Data shown ::

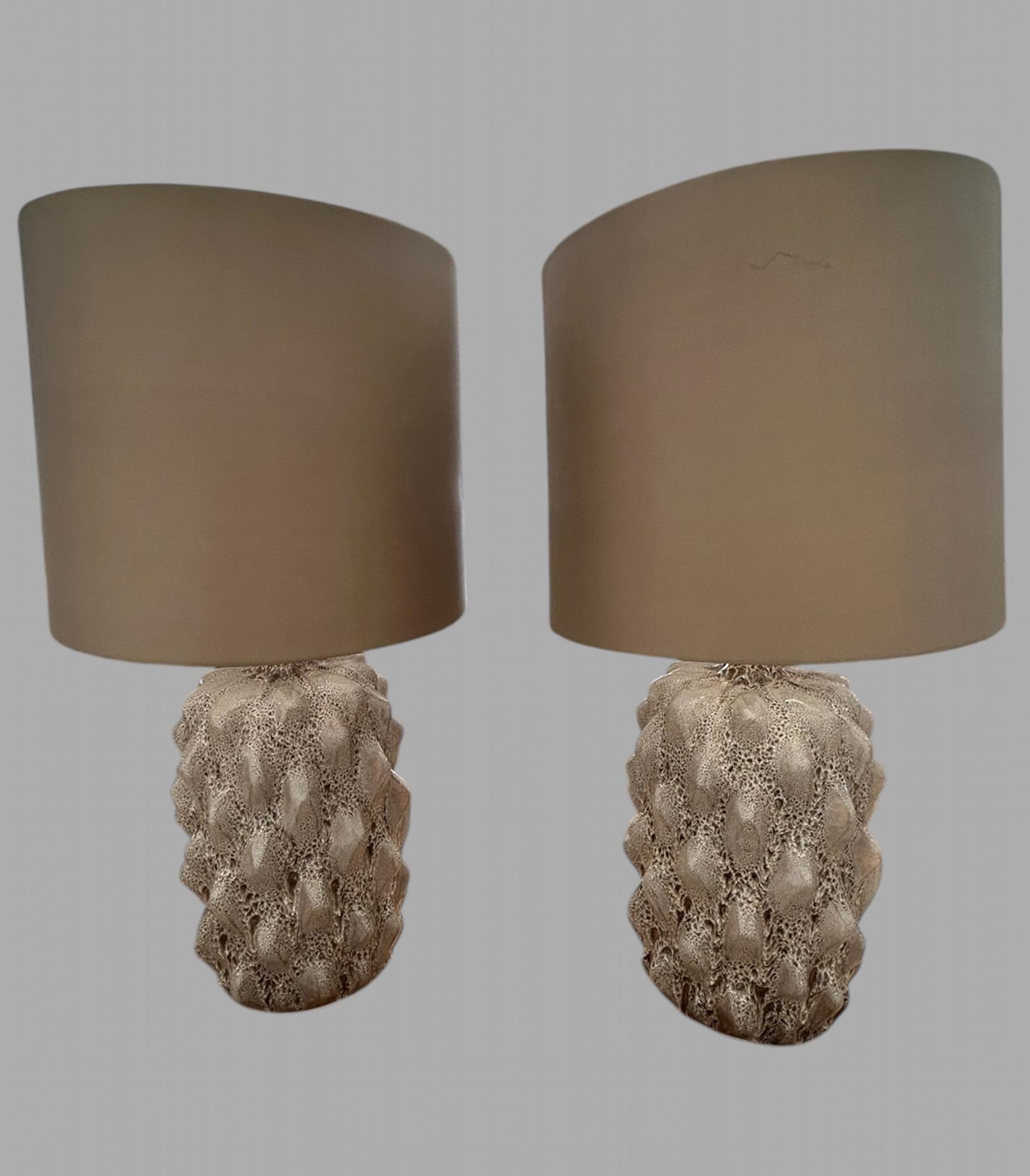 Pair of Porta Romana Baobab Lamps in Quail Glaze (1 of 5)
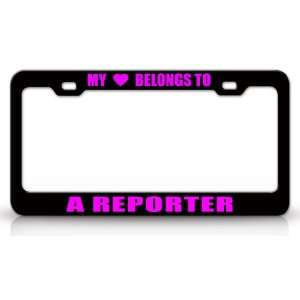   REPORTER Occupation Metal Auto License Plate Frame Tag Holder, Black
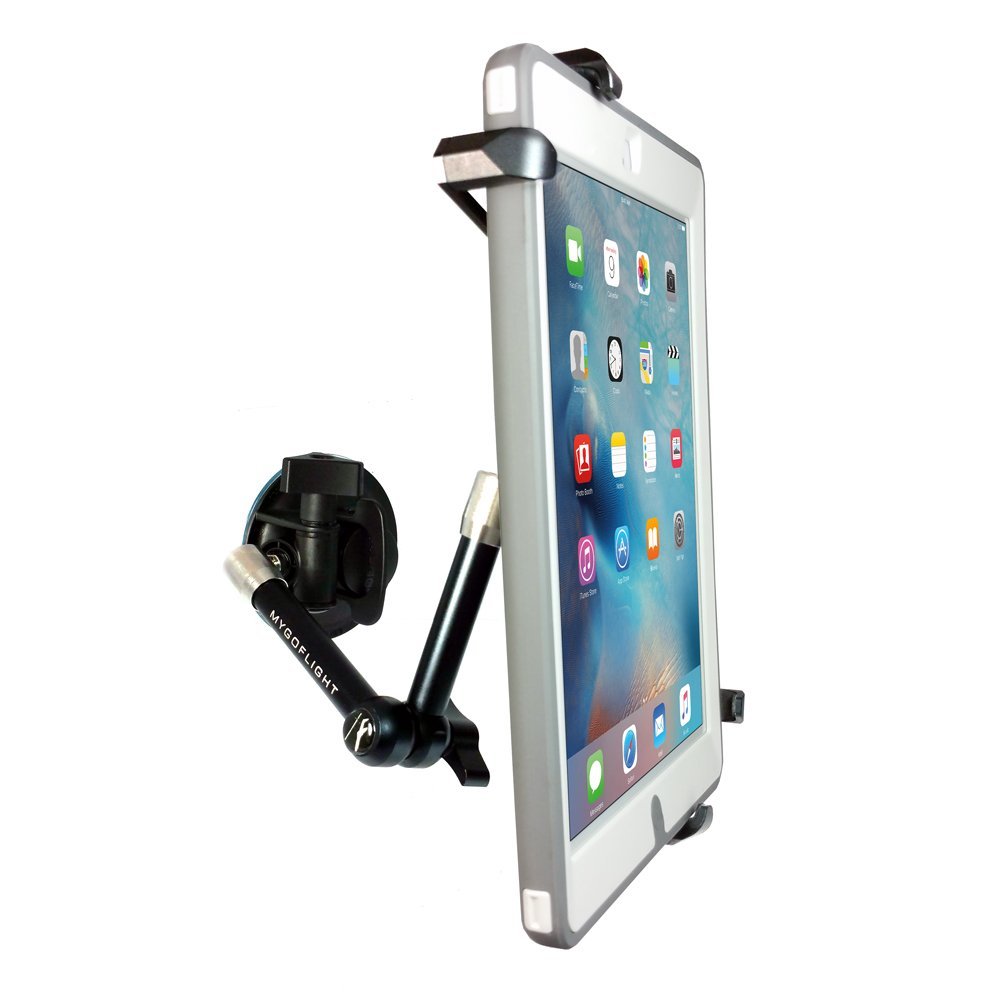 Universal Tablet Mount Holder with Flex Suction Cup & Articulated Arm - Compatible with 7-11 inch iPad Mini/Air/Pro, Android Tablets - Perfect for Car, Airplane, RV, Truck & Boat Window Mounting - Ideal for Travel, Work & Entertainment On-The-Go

Exercise requirements :: Everything in the listing must be restated word for word, except for the pictures.

Result of the task ::
 Pair of Porta Romana Baobab Lamps in Quail Glaze (1 of 5)
   REPORTER Occupation Metal Auto License Plate Frame Tag Holder, Black
 Universal Tablet Mount Holder with Flex Suction Cup & Articulated Arm - Compatible with 7-11 inch iPad Mini/Air/Pro, Android Tablets - Perfect for Car, Airplane, RV, Truck & Boat Window Mounting - Ideal for Travel, Work & Entertainment On-The-Go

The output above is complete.